ほっぺこちゃんは わやわやハウスにいく準備をしています。

「おべんとうと、すいとうと、きがえでしょ。それからロープと、かいちゅうでんとうと、あとあれだ、ママー!」

「はいはい」ママが新聞から顔をあげて答えます。

「あのさー、あれない、あれ」ほっぺこちゃんが言います。

「あれって、なにさ」

「おり」

「おりって、動物とか入れるやつ?」ママが聞きます。

「そう、どうぶつはいれないんだけどさ、ばけものいれるの」

「ばけもの?」キッチンからパパが聞きます。

「そ。きょう、ばけものさがしにいくんだよ。だからさ、おりいるんだけど」

「ない」ママが言います。

「あーざんねん。ま、いっか」

「もし本当にばけものに会ったらどうするの。

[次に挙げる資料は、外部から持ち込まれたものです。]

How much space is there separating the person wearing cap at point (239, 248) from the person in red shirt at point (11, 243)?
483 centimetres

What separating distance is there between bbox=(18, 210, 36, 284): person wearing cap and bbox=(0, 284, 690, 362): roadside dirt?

やめなさい」パパが心配そうに言いました。

「だいじょうぶだよ」ほっぺこちゃんが言いました。「もしでたら、ロープでぐるぐるまきにするんだから」

「うーん、ばけもの強いからね。そして、それ毛糸でしょうが」

「だってロープないんだもん」

「懐中電灯もいるの?」

「うん。ばけものって、あかるいときはでないから。よる くらぁ〜くなったら、これつけるの。パチッ!」

「やめときなさい」パパが言いました。「子どもは夜出歩くもんじゃありません」

「だいじょうぶだよ」ほっぺこちゃんが言いました。「にょろにょろさんもいるし、みんなでいくから」

「かわいい子には旅させよ、だよ。新聞にもそう書いてある」新聞から顔をあげずにママが言いました。

 

それでもパパは心配で、薬を飲んで透明になってこっそりついていくことにしました。

夕方、ほっぺこちゃんたちは ばけもの探しにでかけます。歩道橋をわたって階段を降りると、駅前広場です。デパートや、カフェや、本屋さんが並んでいます。

「ぜんぜんくらくない」

「こんなんじゃ、ばけものでないよね」

子どもたちは口をとんがらせて言います。

「これから、これから」にょろにょろさんが言いました。

「今日行くところはね、昔々そのまた昔、お城だったところでね。今は公園になってるけど、そりゃあ暗いんだから」

「ひー」ともちゃんが小さい声で言いました。「なんかこわそう」

「だいじょうぶだよ」と、ほっぺこちゃん。「ばけものでたら、けいとでぐるぐるまきにするから」

遊歩道をどんどん歩くうちにだんだん暗くなります。しばらくすると、こんもりと影を山盛りにしたようなところにでました。

「さあ、ついたよ」にょろにょろさんが言いました。

「ひー」ともちゃんが小さく声をあげました。「まさか、はいるの?」

「はいろうよ。かいちゅうでんとうあるから、だいじょうぶ」と、ほっぺこちゃん。

 

公園のなかは真っ暗です。風が吹くと木がゴトゴト、草がざわざわ。

「もうかえろうよー」ともちゃんが言いました。

「だいじょうぶ…じゃない、うん、かえろう」ほっぺこちゃんも言いました。

「ばけものさがしはもういいの」と、にょろにょろさん。

「いい、いい」ともちゃんと、ほっぺこちゃんが声をそろえて言いました。

それで帰ることにしました。でもほっぺこちゃんは見てしまったのです。トイレの横にたっている薄青い影のようなものを。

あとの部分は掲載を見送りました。